Every line holding the string "Photo" should be copied from the listing.

___ SUPPLIED RECORDS

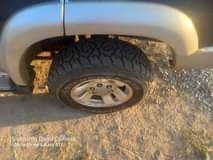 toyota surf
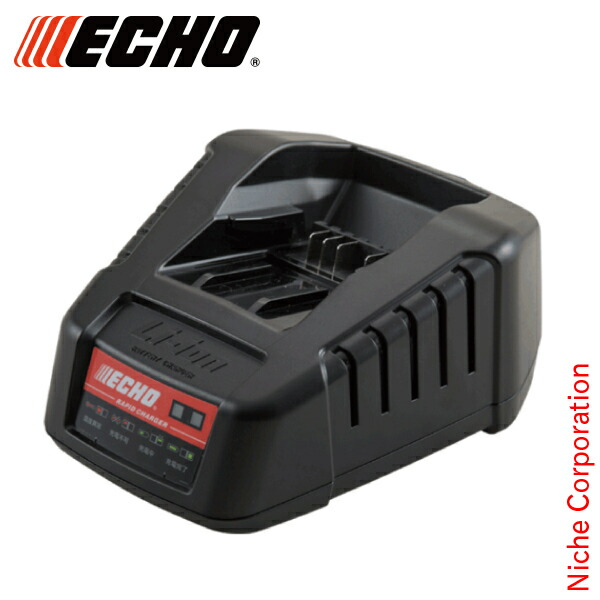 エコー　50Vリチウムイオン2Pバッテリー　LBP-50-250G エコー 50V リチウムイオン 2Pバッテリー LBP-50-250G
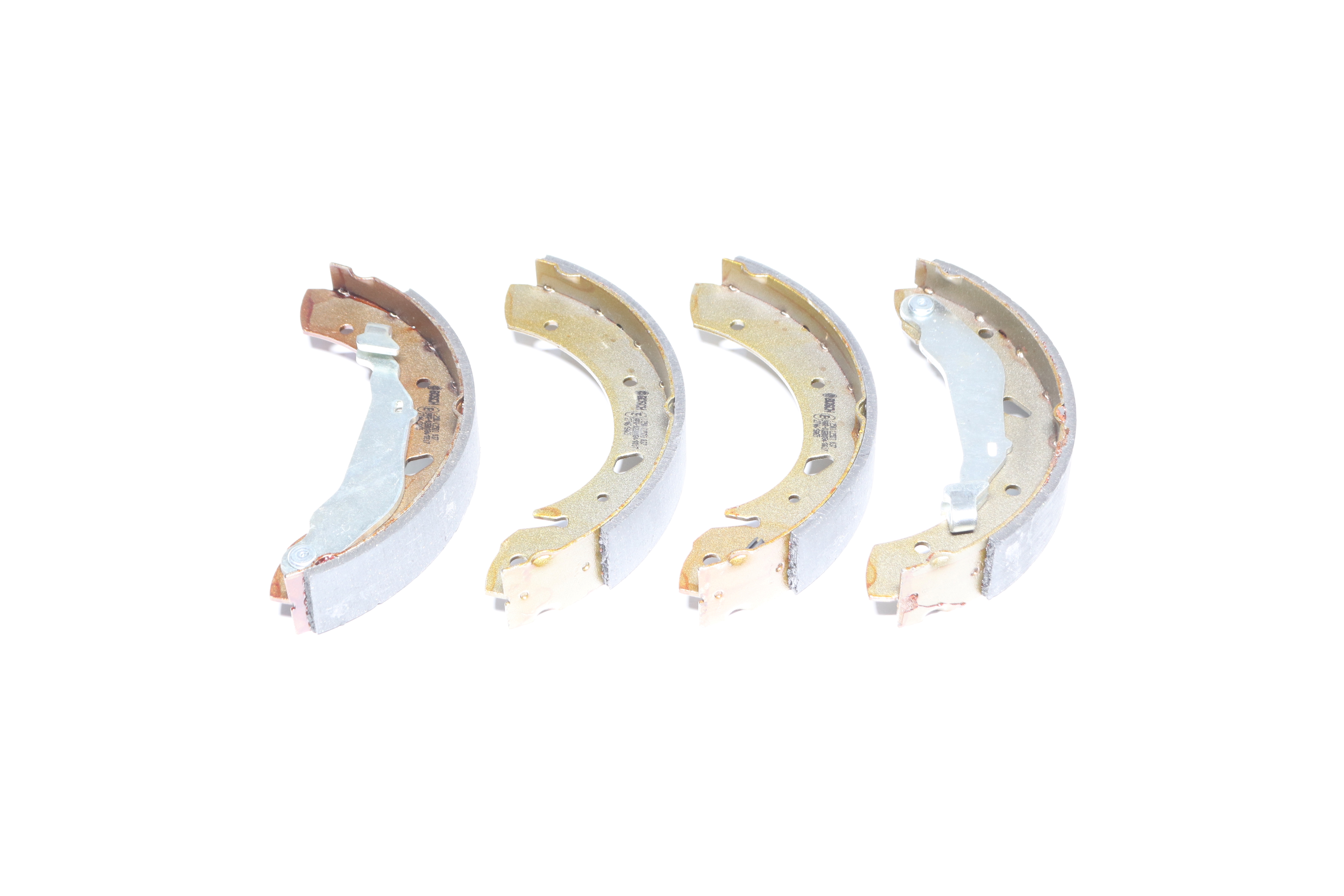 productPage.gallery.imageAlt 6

______
___ SUPPLIED RECORDS

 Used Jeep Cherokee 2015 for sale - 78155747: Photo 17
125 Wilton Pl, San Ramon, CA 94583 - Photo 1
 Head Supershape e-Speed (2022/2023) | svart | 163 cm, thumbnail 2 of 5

______

TASK SOLUTION:
 Used Jeep Cherokee 2015 for sale - 78155747: Photo 17
125 Wilton Pl, San Ramon, CA 94583 - Photo 1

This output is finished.